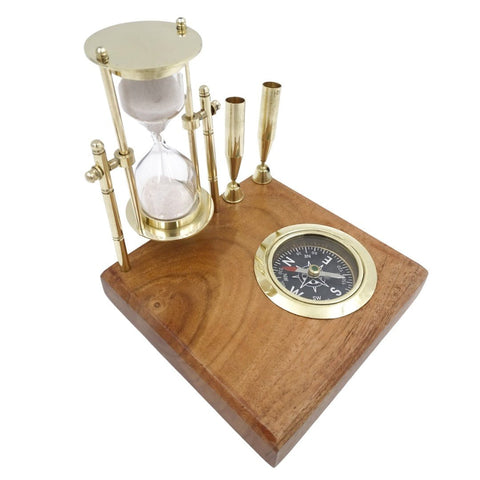 Desk Set Hourglass Compass and Pen Holders NC 2618OP - Hobby.lt 🇬🇧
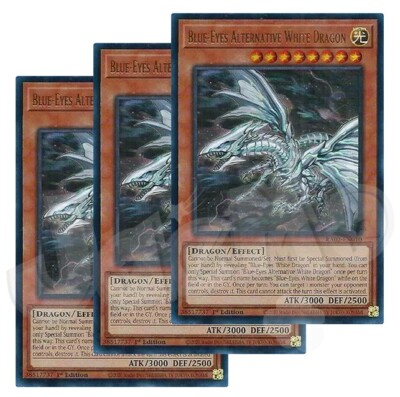 Yugioh Blue-Eyes Alternative Dragon x 3 - 1st Edition Ultra Rare NM - Free Holo-image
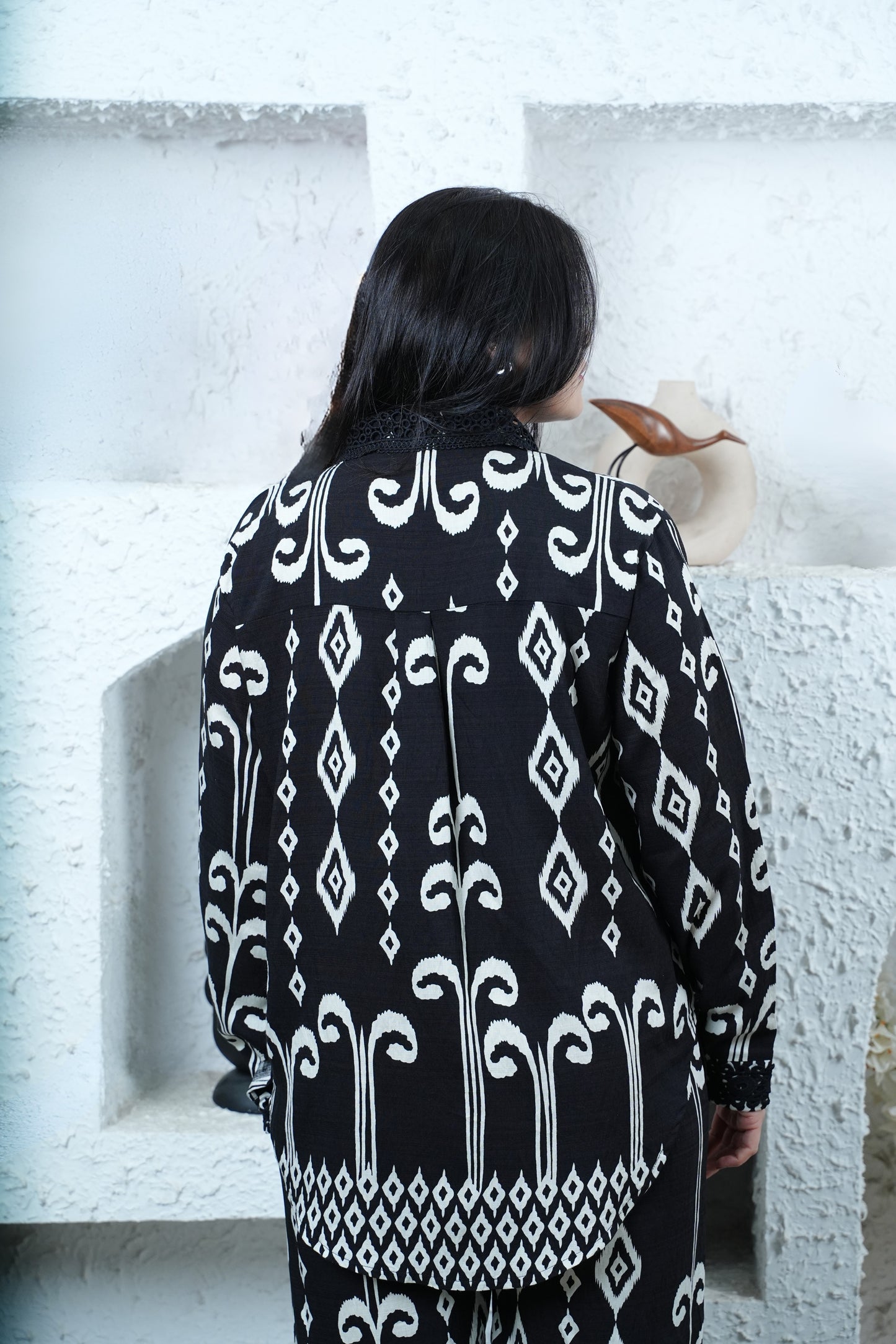 Ink Rhythm Co-ord – Black Ikkat Print Shirt & Pant Set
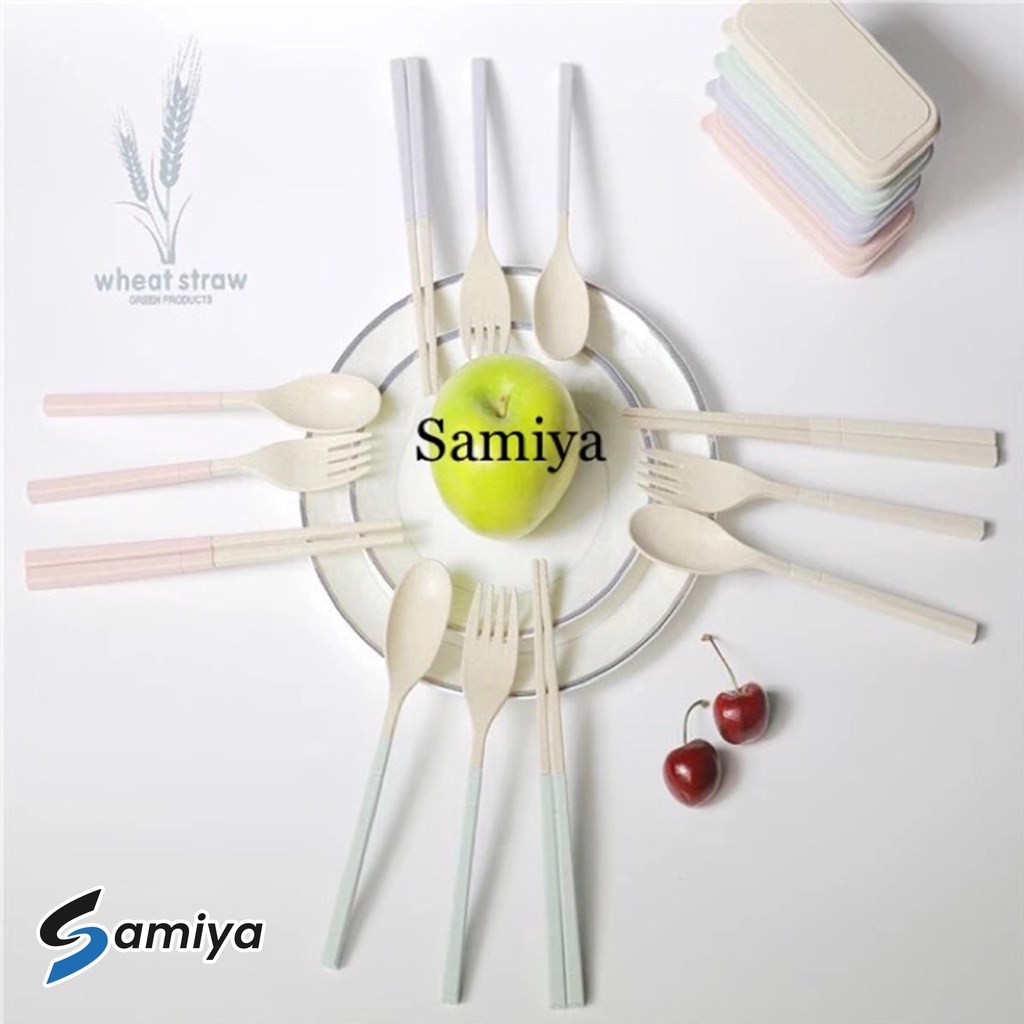 Wheat straw cutlery set / alat makan portable set / sendok garpu sumpit gandum wheatstraw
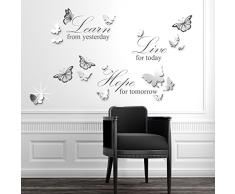 Walplus ESPEJO 3d mariposas 50x70 cm Adhesivos de pared extraÃ­ble Autoadhesivo Arte Mural VINILO DECORACIÃN HOGAR BRICOLAJE Living Oficina Dormitorio Decor papel pintado HABITACIÃN INFANTIL REGALO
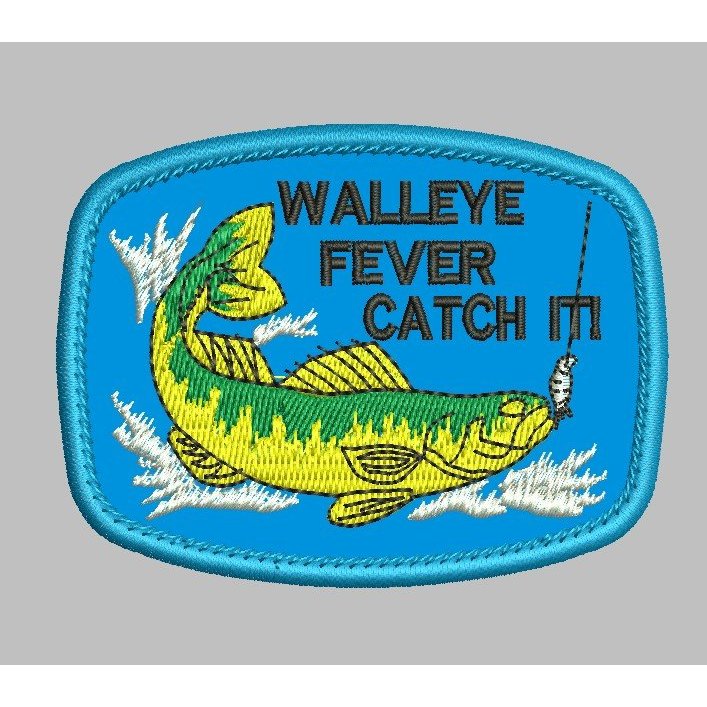 ADVF-124 WALLEYE FEVER CATCH IT MANCING PATCH BORDIR LOGO AKSESORIS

### Your assignment
Copy out the material exactly as it stands, though no picture should appear in the copy.

### Response below
 Desk Set Hourglass Compass and Pen Holders NC 2618OP - Hobby.lt 🇬🇧
 Yugioh Blue-Eyes Alternative Dragon x 3 - 1st Edition Ultra Rare NM - Free Holo-image
 Ink Rhythm Co-ord – Black Ikkat Print Shirt & Pant Set
 Wheat straw cutlery set / alat makan portable set / sendok garpu sumpit gandum wheatstraw
 Walplus ESPEJO 3d mariposas 50x70 cm Adhesivos de pared extraÃ­ble Autoadhesivo Arte Mural VINILO DECORACIÃN HOGAR BRICOLAJE Living Oficina Dormitorio Decor papel pintado HABITACIÃN INFANTIL REGALO
 ADVF-124 WALLEYE FEVER CATCH IT MANCING PATCH BORDIR LOGO AKSESORIS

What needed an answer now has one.